Harus diakui, masih terjadinya praktik penyiksaan di Indonesia tidak lepas dari kelamahan peraturan perundang-undangan yang ada untuk melakukan pencegahan, penegakan hukum maupun perlindungan terhadap korban penyiksaan. Membentuk peraturan perundang-undangan anti penyiksaan merupakan hutang Indonesia. Saat ini agenda RUU KUHP dan RUU KUHAP yang selama ini di gadang-gandang pemerintah sebagai salah upaya implementasi Konvensi CAT di komunitas PBB terbukti menemui kegagalan, DPR tak sanggup membahas kedua RUU tersebut.
Saat ini, Kementerian Luar Negeri (Kemlu) bersama dengan Kementerian Hukum dan HAM (Kemenkumham) dandan dibantu beberapa pihak termasuk ICJR sedang dalam proses merealisasikan lahirnya naskah awal RUU Anti Penyiksaan. Kamis, 28 Agustus 2014 telah dilangsungkan FGD pertama penyusunan Naskah Akademik (NA) RUU Anti penyiksaan bertempat di Gedung Ditjen HAM Kemenkumham. Hadir dalam acara tersebut perwakilan pemerintah yaitu Kemenkumham dan Kemlu serta dari unsur masyarakat sipil ICJR dan Elsam.
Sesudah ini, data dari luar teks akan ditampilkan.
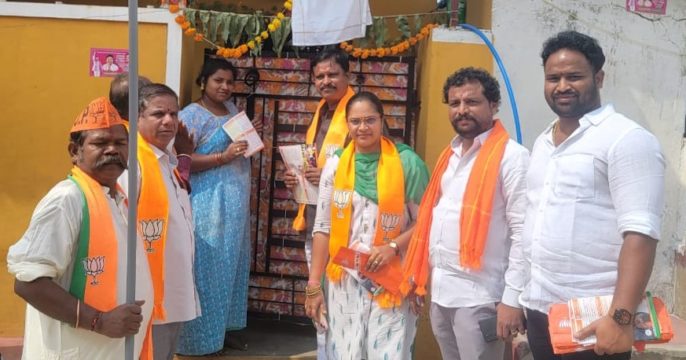 Thalla Vinay Shanker (19)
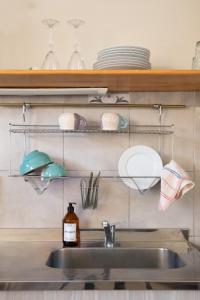 Casita del centro Esquel luz natural, wifi alto, ideal parejas, check in autónomo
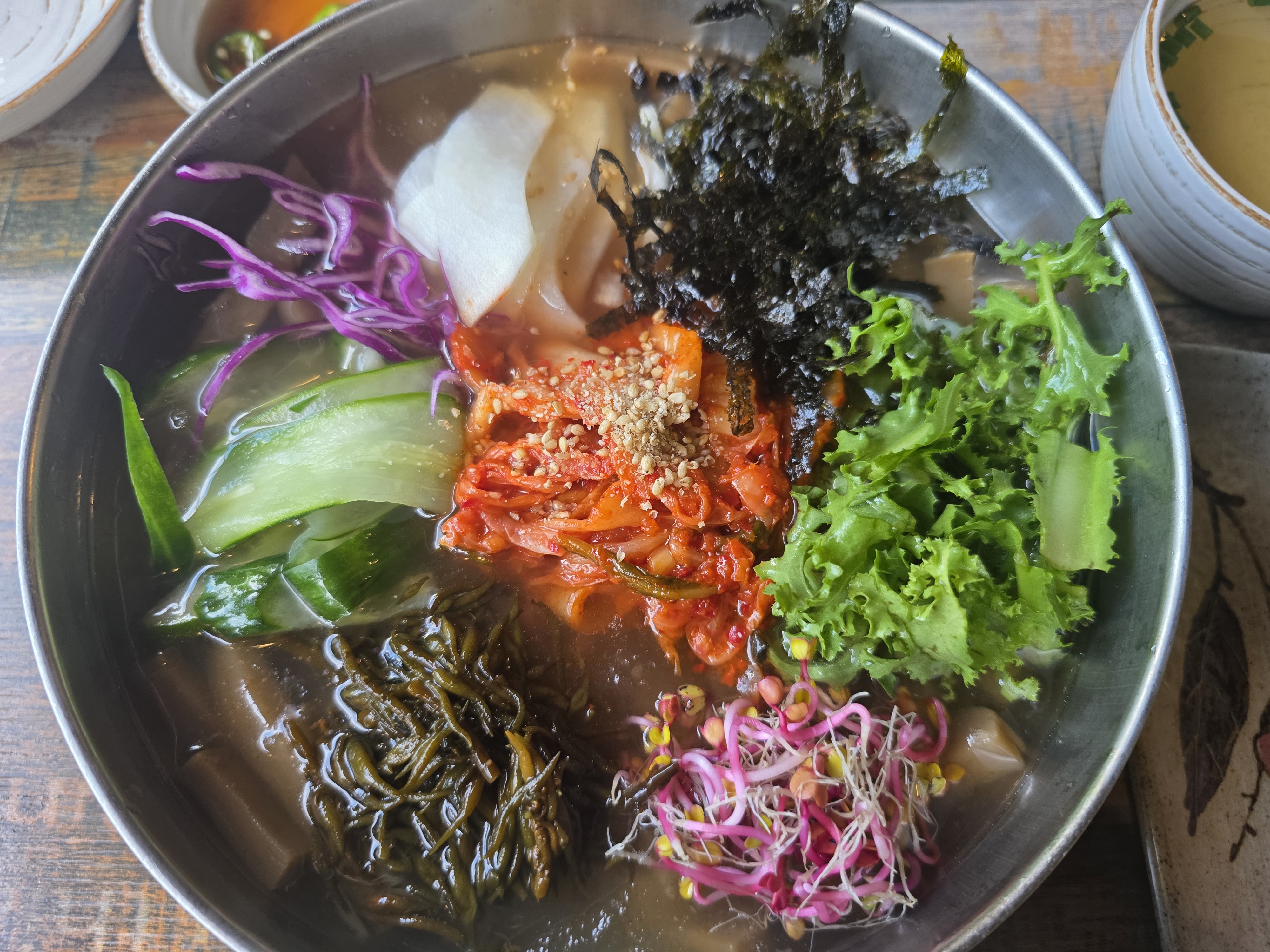 팔당 강마을다람쥐 도토리 묵사발 채소와 김치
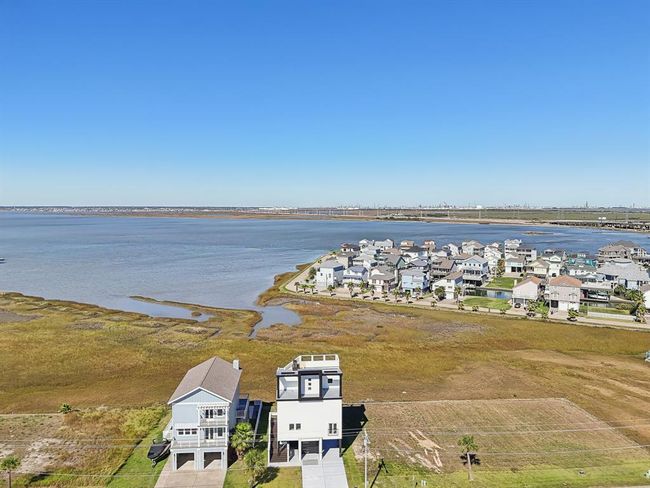 830 Tiki Dr, House other with 3 bedrooms, 3 bathrooms and 1 parking in Tiki Island TX | Image 32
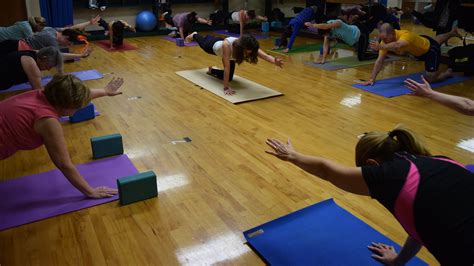 group yoga classes — lifestyles yoga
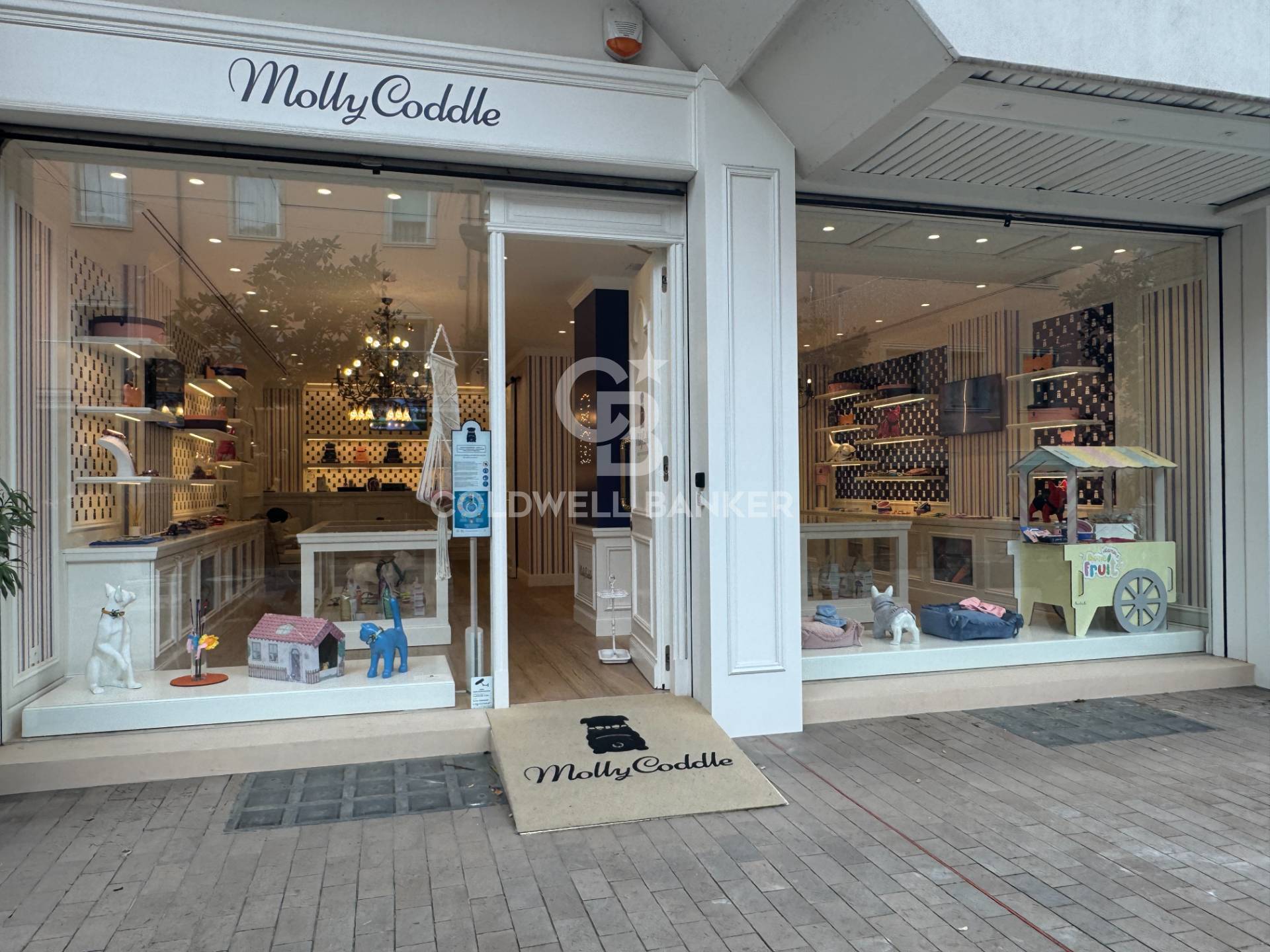 Negozio in vendita a Riccione, CENTRO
Secara garis besar, dalam pertemuan tersebut disepakati dua alasan kenapa pemerintah perlu mendorong RUU Anti penyiksaan, yaitu pertama, adanya kekosongan hukum anti penyiksaan yang sesuai dengan Konvensi. Disamping itu kelompok ahli hukum perundang-undangan Indonesia tidak sepakat dengan paham monisme dalam pemberlakuan hukum Internasional, sehingga sistem hukum kita tidak secara otomatis tunduk pada ketentuan Internasional, tetap dibutuhkan pengaturan lebih lanjut dalam sitem perundang-udangan di Indonesia agar bisa berjalan lebihefektif. Kedua, rancangan undang-undang yang saat ini di dorong pemerintah juga kurang kompatibel dengan Konvensi. Sehingga peraturan perundang-undangan di Indonesia saat ini jauh dari cukup untuk mengatasi problem penyiksaan.
ICJR mengapresiasi langkah konkrit tersebut. Langkah Kemenkumham dan Kemenlu ini sudah tepat, namun inisiatif ini harus pula dilanjutkan oleh Kementerian Hukum HAM sebagai pemegang mandat penyusunan undang-undang. Oleh karena itulah, maka pemerintah baru ke depan harus segera melanjutkan inisiatif ini, sembari menunggu ratifikasi OPCAT (Optional Protocol to the Convention against Torture and Other Cruel, Inhuman or Degrading Treatment or Punishment) yang harus di dorong dengan serius.